We conducted an experiment to measure the enhanced Raman scattering of a WSe2 monolayer on a 1D Au nanogap to demonstrate that the 1D Au nanogap was sufficient for the sensitive measurement of Raman scattering. Figure 3(a) shows the spectral Raman image of the WSe2 monolayer in the 1D Au nanogap. The Raman peak (v ≈ 251 cm−1) intensity of the WSe2 monolayer at the nanogap exhibits enhanced intensity owing to the localization of the incident light, as indicated in Fig. 2. Because the beam spot area of the incident light was larger than the nanogap width, we measured the enhanced Raman signal throughout an area larger than the nanogap (gap width= 20 nm). Using 2D materials for Raman scattering measurements, the field enhancement emerged throughout the 1D Au nanogap. Thus, a 1D Au nanogap efficiently enhances a Raman scattering signal by effectively exciting the LSPR, which is crucial for detecting weak Raman signals, as shown in Fig. 3(b). Because the WSe2 monolayer was placed on the Au nanogap, the enhanced optical field strongly enhanced the Raman scattering signal of the WSe2 monolayer, as shown in Fig. 3(c). This enabled us to measure an enhanced Raman spectrum with a laser excitation power of 400 µW and an acquisition time of 10 s, as shown in Figs. 3(b) and 3(c).

Figure 3. Spectral Raman imaging of the WSe2 monolayer. (a) Raman peak (ν ≈ 251 cm−1) intensity image of the WSe2. (b) Raman spectrum of the WSe2 at the Au film. (c) Raman spectrum of the WSe2 at the nanogap.

3.4. Plasmon-enhanced Raman scattering of BCB molecules

To investigate the Raman enhancement effect in 1D nanogaps for various materials, chemical molecules such as BCB molecules were measured. The BCB molecules were spin-coated onto the 1D Au nanogaps. Because the Raman scattering cross section was insignificant, the intensity of the Raman signal outside the nanogap was weak, as shown in Fig. 4(a). A 1D Au nanogap was used to efficiently excite the LSPR and confine the incident light, which enhanced the Raman scattering signal. Figure 4(b) shows the Raman spectrum of BCB molecules in a 1D Au nanogap. The enhanced optical field induced by the LSPR significantly enhanced the Raman scattering signals of the BCB molecules. Using a 200 µW laser excitation power and 10 s acquisition time, the Raman spectrum of the BCB molecules enhanced through the enhanced optical field could be measured.

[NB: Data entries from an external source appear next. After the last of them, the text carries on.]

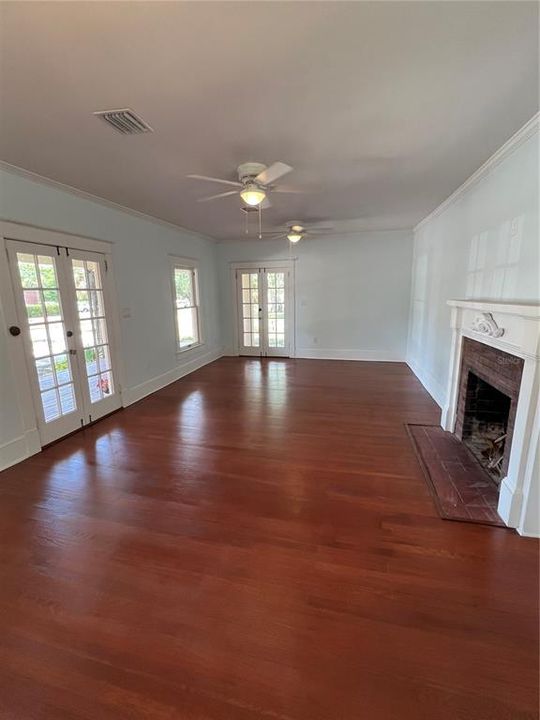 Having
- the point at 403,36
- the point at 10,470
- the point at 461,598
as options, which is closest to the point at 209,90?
the point at 403,36

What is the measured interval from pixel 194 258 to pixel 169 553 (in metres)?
5.34

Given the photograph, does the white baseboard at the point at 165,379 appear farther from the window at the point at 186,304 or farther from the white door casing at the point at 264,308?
the white door casing at the point at 264,308

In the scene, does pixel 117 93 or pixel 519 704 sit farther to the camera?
pixel 117 93

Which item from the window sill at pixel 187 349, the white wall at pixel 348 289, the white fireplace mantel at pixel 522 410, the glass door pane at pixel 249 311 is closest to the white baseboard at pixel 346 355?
the white wall at pixel 348 289

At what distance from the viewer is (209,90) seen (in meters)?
1.77

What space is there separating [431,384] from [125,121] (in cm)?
462

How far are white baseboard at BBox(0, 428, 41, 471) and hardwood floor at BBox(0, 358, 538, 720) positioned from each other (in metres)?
0.11

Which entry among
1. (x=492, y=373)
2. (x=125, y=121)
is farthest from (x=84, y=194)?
(x=492, y=373)

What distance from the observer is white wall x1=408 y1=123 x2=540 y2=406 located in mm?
2242

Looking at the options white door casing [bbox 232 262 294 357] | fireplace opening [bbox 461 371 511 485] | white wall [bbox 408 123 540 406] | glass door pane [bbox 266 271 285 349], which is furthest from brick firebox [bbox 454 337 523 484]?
glass door pane [bbox 266 271 285 349]

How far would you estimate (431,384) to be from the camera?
4.66 meters

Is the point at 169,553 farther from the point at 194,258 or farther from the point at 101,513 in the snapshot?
the point at 194,258

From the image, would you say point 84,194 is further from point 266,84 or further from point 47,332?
point 266,84

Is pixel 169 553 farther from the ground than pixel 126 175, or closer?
closer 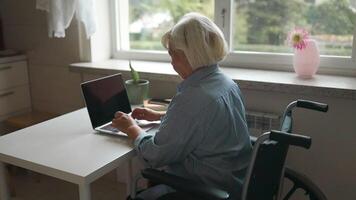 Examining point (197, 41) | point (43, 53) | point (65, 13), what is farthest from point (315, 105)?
point (43, 53)

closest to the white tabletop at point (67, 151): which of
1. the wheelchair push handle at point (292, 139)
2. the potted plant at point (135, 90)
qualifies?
the potted plant at point (135, 90)

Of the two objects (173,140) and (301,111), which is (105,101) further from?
(301,111)

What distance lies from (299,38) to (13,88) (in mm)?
1948

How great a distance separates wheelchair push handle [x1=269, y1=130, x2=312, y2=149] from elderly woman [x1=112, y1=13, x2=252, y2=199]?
0.88ft

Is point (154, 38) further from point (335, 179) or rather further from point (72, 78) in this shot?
point (335, 179)

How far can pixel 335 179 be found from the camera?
194 cm

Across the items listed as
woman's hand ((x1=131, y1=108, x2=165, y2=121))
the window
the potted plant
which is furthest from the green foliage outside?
woman's hand ((x1=131, y1=108, x2=165, y2=121))

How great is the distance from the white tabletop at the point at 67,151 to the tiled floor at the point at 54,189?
0.89 metres

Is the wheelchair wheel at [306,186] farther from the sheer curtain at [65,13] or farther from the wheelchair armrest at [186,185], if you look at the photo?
the sheer curtain at [65,13]

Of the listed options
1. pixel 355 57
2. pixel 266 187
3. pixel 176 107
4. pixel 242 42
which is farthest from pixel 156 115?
pixel 355 57

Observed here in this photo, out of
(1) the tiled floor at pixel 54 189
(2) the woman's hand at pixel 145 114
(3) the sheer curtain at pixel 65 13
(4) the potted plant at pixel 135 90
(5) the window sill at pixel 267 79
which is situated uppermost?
(3) the sheer curtain at pixel 65 13

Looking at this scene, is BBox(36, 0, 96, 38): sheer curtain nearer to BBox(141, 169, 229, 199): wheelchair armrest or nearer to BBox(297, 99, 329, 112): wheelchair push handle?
BBox(141, 169, 229, 199): wheelchair armrest

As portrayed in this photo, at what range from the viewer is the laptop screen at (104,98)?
5.27 ft

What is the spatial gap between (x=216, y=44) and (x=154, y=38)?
1.24 metres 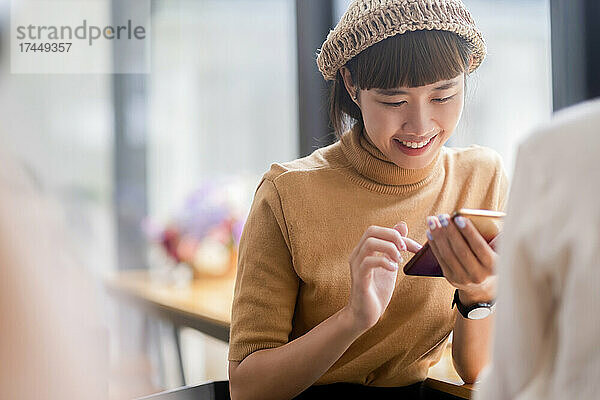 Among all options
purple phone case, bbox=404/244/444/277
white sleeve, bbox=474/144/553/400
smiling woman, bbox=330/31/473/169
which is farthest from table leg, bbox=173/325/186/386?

Figure 4. Enhanced Raman spectra of the BCB molecules outside the nanogap (a) and at the nanogap (b).

In this study, we discuss an efficient plasmonic platform that allows the sensitive analysis of various materials owing to an excited LSPR and confinement of incident light. We investigated the optical properties of a 1D Au nanogap, such as the intensity of the optical field, field distribution, and scattering spectra, using electromagnetic simulations. Additionally, the sensitivities of the Raman spectra of a WSe2monolayer and the BCB molecules in the 1D Au nanogap were determined. A 1D Au nanogap enables a sensitive analysis of various materials. Moreover, 1D Au nanogaps combined with a flexible substrate can selectively enhance the different Raman modes of molecules on the same sample using the gap-distance dependency of LSPR.

This study was supported by National Research Foundation of Korea (NRF) grants (No. 2020R1C1C1011301 and 2021R1A6A1A10042- 944).